Beth Carpenter, a psychotherapist, said the shirt was worth its weight in gold.
"It's something they can touch and see," she said. "They're seeking to actually build memories, which is often the saddest thing because they just can't."
The children seem to yearn for a connection that shows them they are Daddy's child.
"It's a visible reminder," Carpenter said. "Both for these kids and also to the world that I belonged to this person. I'm from him and I carry some of them with me."
"It could be something silly like Jack doesn't like mayonnaise," said Terilyn Patrick-Esse of her son Jack Esse. "Well neither did Daddy Jim."
"My mom says I have his eyes," Grace Danahy said. "She said that he was free-spirited and she said that I was too."
"They say I look like him," James Carson said of his father, James Carson.
"I feel like his humor was a lot, a big part of me," said Sean O'Neill.
9/11 Children Find Solace in Reunion
Ron Milam Jr. said sometimes he asked his mother whether his father looked like him.
"She said, 'Yes.

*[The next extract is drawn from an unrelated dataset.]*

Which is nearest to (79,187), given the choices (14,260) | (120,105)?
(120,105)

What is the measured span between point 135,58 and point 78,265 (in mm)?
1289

I look exactly like him.' It makes me feel closer to him for some reason," he said. "I don't know why."
Kellie Lee said that her husband, Daniel Lee, was a drummer and that her daughter Allison Lee loved the instrument. "My mom always tells me that he was very energetic," Allison Lee said.
Robert Atwood's father, Gerard Atwood, was a firefighter. He said his dad's look was imprinted on his mind.
"It's him. He has his hat on. Ladder 21. It's all his gear. When I'm trying to go to sleep, I look at the picture and then I look in the mirror. It looks kind of like me and he, it's looking in the eyes," Robert Atwood said. "For Career Day [at school,] I dressed up with all his gear and my teacher wouldn't let anybody touch it 'cause it was too valuable."
The children said the reunions made them feel less lonely, less like "that 9/11 kid."
"I don't think I would get along without these girls to help me get through," Phelan Halloran said.
Gabi Dick said he tried to avoid children at school who asked about his father, Ari Jacobs.
"'Cause I know that they'll keep asking me and asking me, month after month," he said. "That's how I get by in school."
"It's cool that we're here again," Danny Soulas told Sawyer. His father's name was Timothy Soulas. "It means a lot to me. I think it means that I don't feel like I'm the only one. ... Like these guys would know how it feels."